Reproduce the records without their pictures, keeping every word as it is.

== LISTED RECORDS ==
****************************************
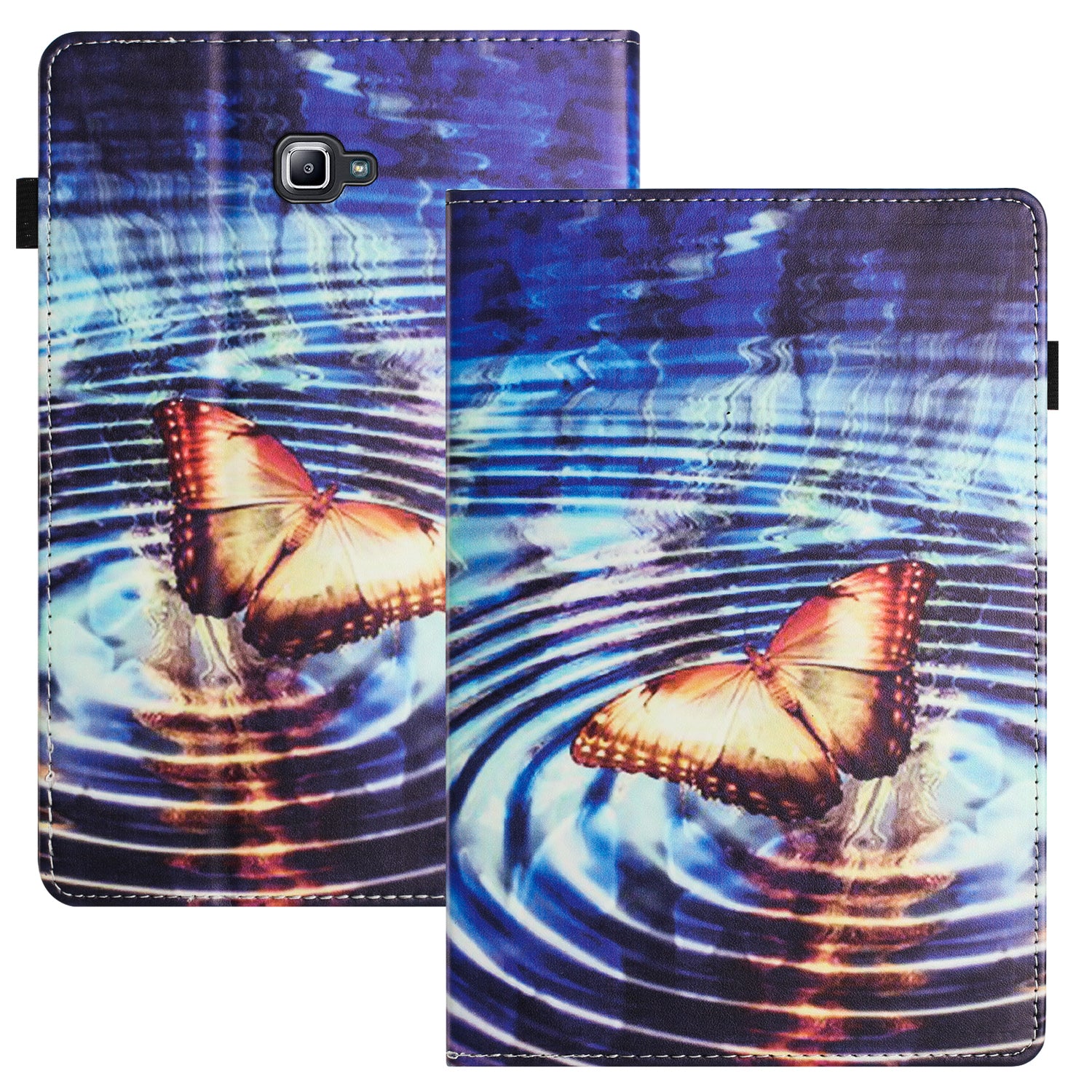 For Samsung Galaxy Tab A 10.1 (2016) T580 T585 PU Leather Tablet Case Stand Shockproof Pattern Printing Cover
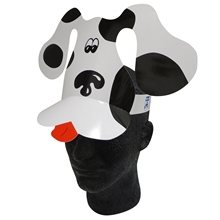 a white dog headband - paper products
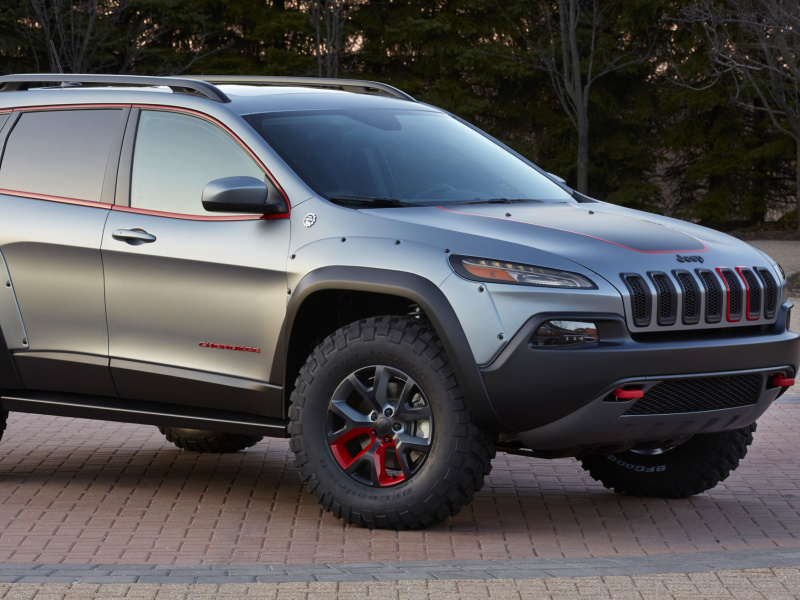 Обои 2016 Jeep Cherokee Trailhawk 4WD 800x600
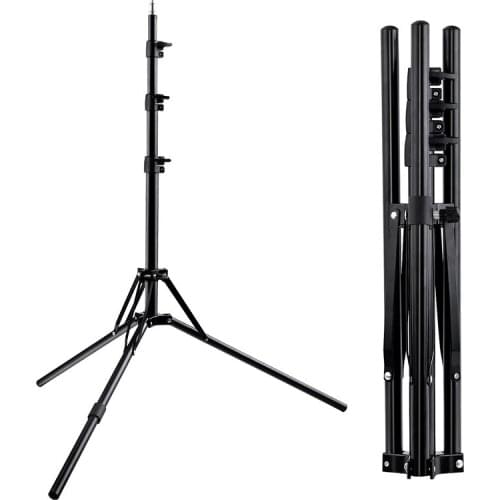 Fusitu 1.83M Led Light Stand Professional Tripod With 1/4 Screw Head For Video Photo Studio Flash Umbrella Reflector Lighting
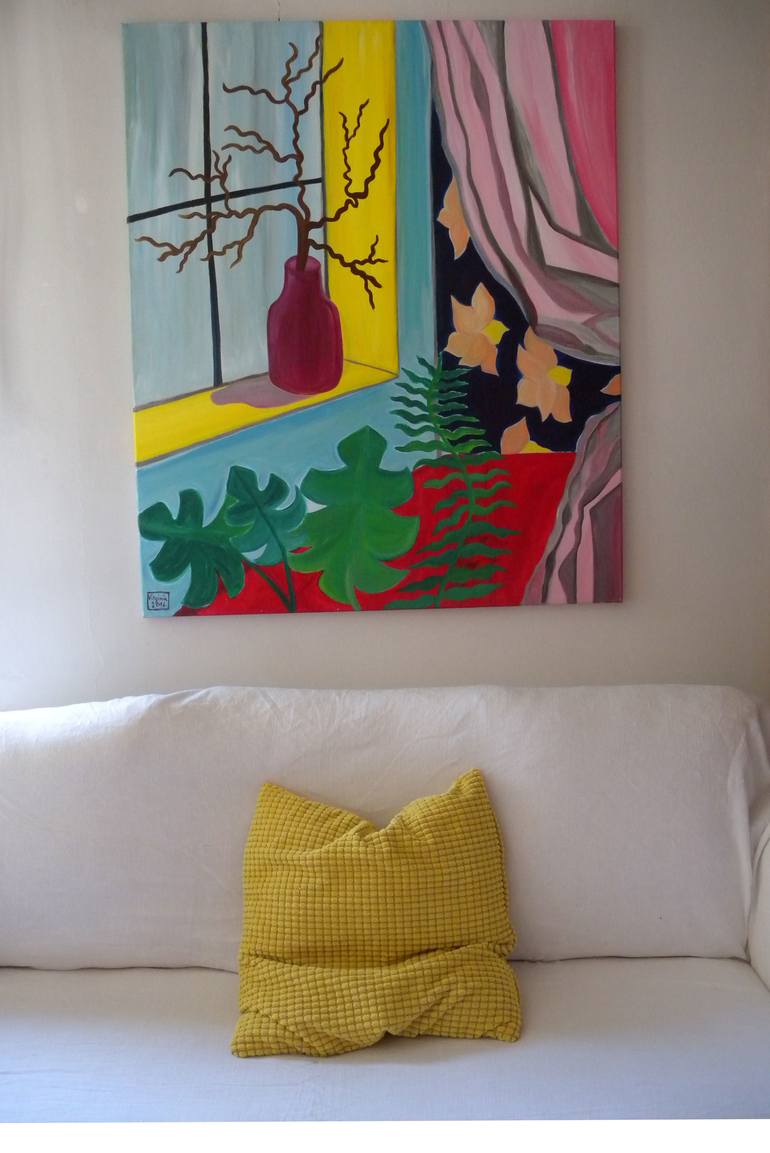 Original Expressionism Still Life Painting by Virginia Di Saverio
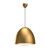 Kenji 20-in Aged Gold/Opal Matte Glass 1 Light Pendant
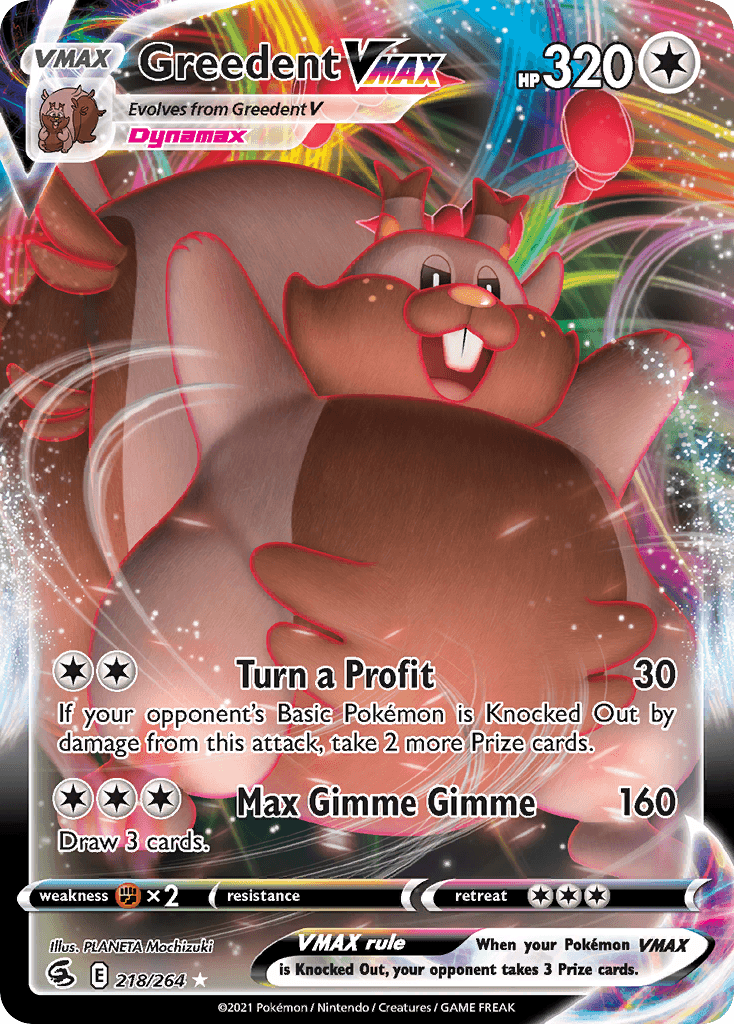 Greedent VMAX Fusion Strike card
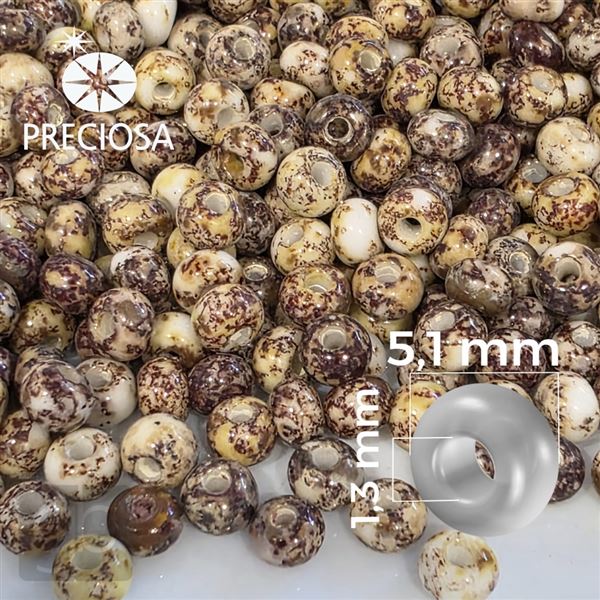 Preciosa Rocailles 4/0 5,1 mm Braun 66209 50 g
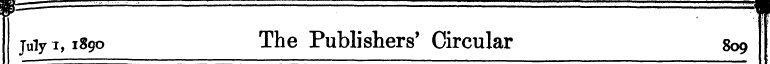 r . i July i, 1890 The Publishers' Circu...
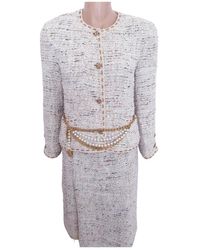 Chanel Traje Tweed - Multicolor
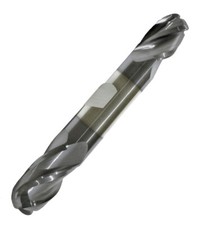 3/16 4 Flute Double Ball End Carbide End Mill TiALN Coated 3/8" Shank w/Flat USA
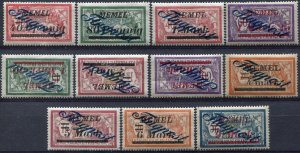 German Occ. Memel Sc.#  C8-18  MNH
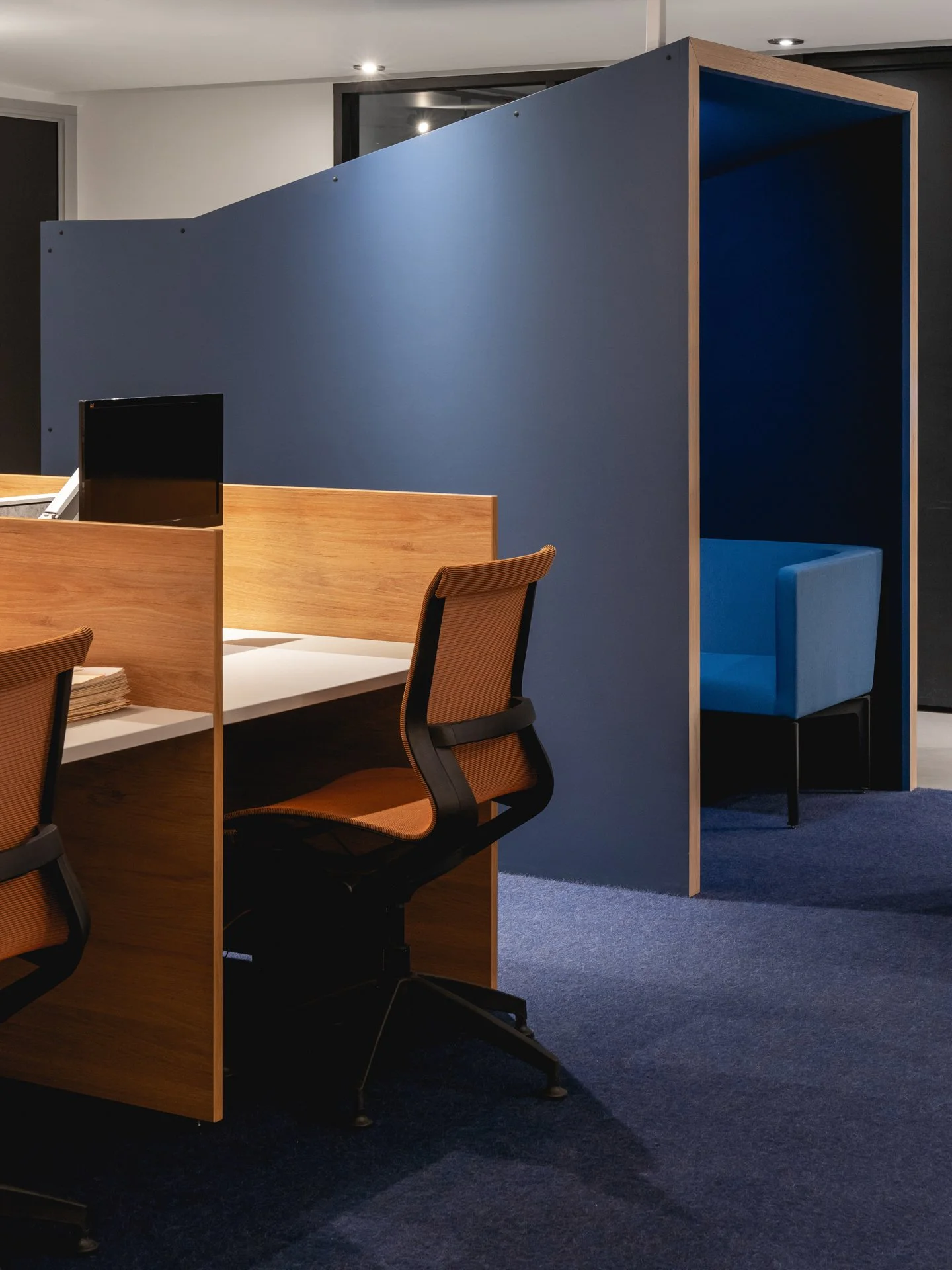 Espace de consultation dans la zone silencieuse par inscape le studio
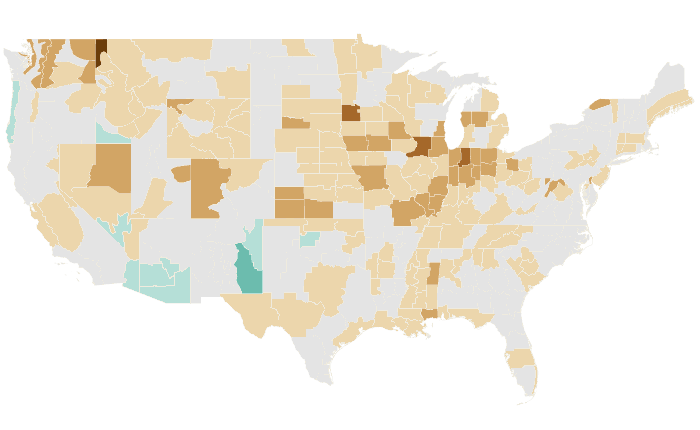 Precipitation outlook map for AMJ 2025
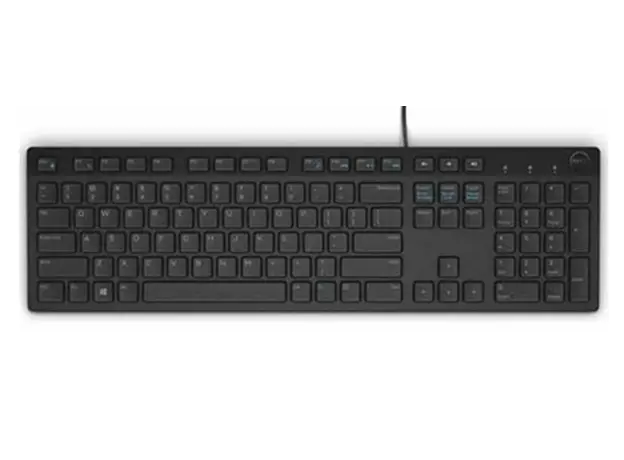 კლავიატურა DELL Multimedia Keyboard-KB216 Russian (QWERTY) - Black, 2 image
****************************************
== EXPECTED OUTPUT ==
 For Samsung Galaxy Tab A 10.1 (2016) T580 T585 PU Leather Tablet Case Stand Shockproof Pattern Printing Cover
 a white dog headband - paper products
 Обои 2016 Jeep Cherokee Trailhawk 4WD 800x600
 Fusitu 1.83M Led Light Stand Professional Tripod With 1/4 Screw Head For Video Photo Studio Flash Umbrella Reflector Lighting
 Original Expressionism Still Life Painting by Virginia Di Saverio
 Kenji 20-in Aged Gold/Opal Matte Glass 1 Light Pendant
 Greedent VMAX Fusion Strike card
 Preciosa Rocailles 4/0 5,1 mm Braun 66209 50 g
 r . i July i, 1890 The Publishers' Circu...
 Chanel Traje Tweed - Multicolor
 3/16 4 Flute Double Ball End Carbide End Mill TiALN Coated 3/8" Shank w/Flat USA
 German Occ. Memel Sc.#  C8-18  MNH
 Espace de consultation dans la zone silencieuse par inscape le studio
 Precipitation outlook map for AMJ 2025
 კლავიატურა DELL Multimedia Keyboard-KB216 Russian (QWERTY) - Black, 2 image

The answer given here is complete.